Asian money invested into European tech firms, with the UK in the vanguard, is set to double, suggests an investment bank.
Europe has one big advantage over the US. The UK has one one big advantage over the rest of Europe and the US has one big snag, at least that's the gist of what Magister Advisors, an investment bank which specialises in mergers and acquisitions and alternative finances, says.
And this makes the region's tech firms attractive to Asian investors, says the bank.
Because Europe consists of lots of smaller countries, its tech firms have to take a more international perspective. By contrast, the domestic market in the US is so big that techs have less need to focus on international markets. For example, it is much more common for European techs to build in multi-currency or multi-language options into their products from day one. Magister put it this way: "European tech targets that are inherently much ‘safer’ to internationalise, in turn increasing their attractiveness."
The UK's big advantage is that it's cheap. In this post-Brexit era, the pound is at a level which makes UK companies pretty cost-effective targets for investors and would-be purchasers. The UK's strengths isn't just that its businesses are bargains, suggests Magister, but companies that looked interesting before Brexit are now a lot cheaper. It cites Arm as an example, which was bought by Japanese firm SoftBank last summer, a great company that became cheap when valued in yens.

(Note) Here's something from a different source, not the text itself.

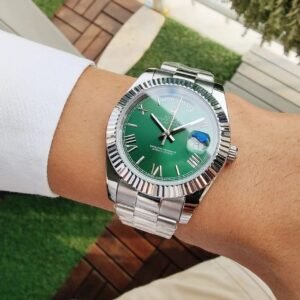 Rolex saati gumusu ici yasil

The US, by contrast, has President Trump. He may or may not make the US midwest and rust belt great again, but he has not exactly endeared himself to the tech scene, while he does appear to have, and let's put this tactfully, an anti-China emphasis.
Then again, European techs need money. Magister reckons it has identified dozens of European techs that will soon need a significant fund raising round.
But Magister has also identified a problem with the European tech scene: "While a similar number of tech companies get initial funding in both Europe and the US, the funding gap is yawning in later stage rounds," it said. So there is a need for latter stage funding and as European techs mature, it suggests Asian finance will meet that need.
Magister says that there are now nearly 50 European unicorns, valued at $1billion plus, but that these companies are often much better developed than US techs, with valuations that have not been hyped so much.
So what does all this mean? Magister says:"Last year Asian capital into European tech reached an all-time high of $58B. We believe 2017-18 could see a doubling of that, entirely transforming the European tech ecosystem."
It said that European techs will have far more success accelerating their development by looking east rather than looking west.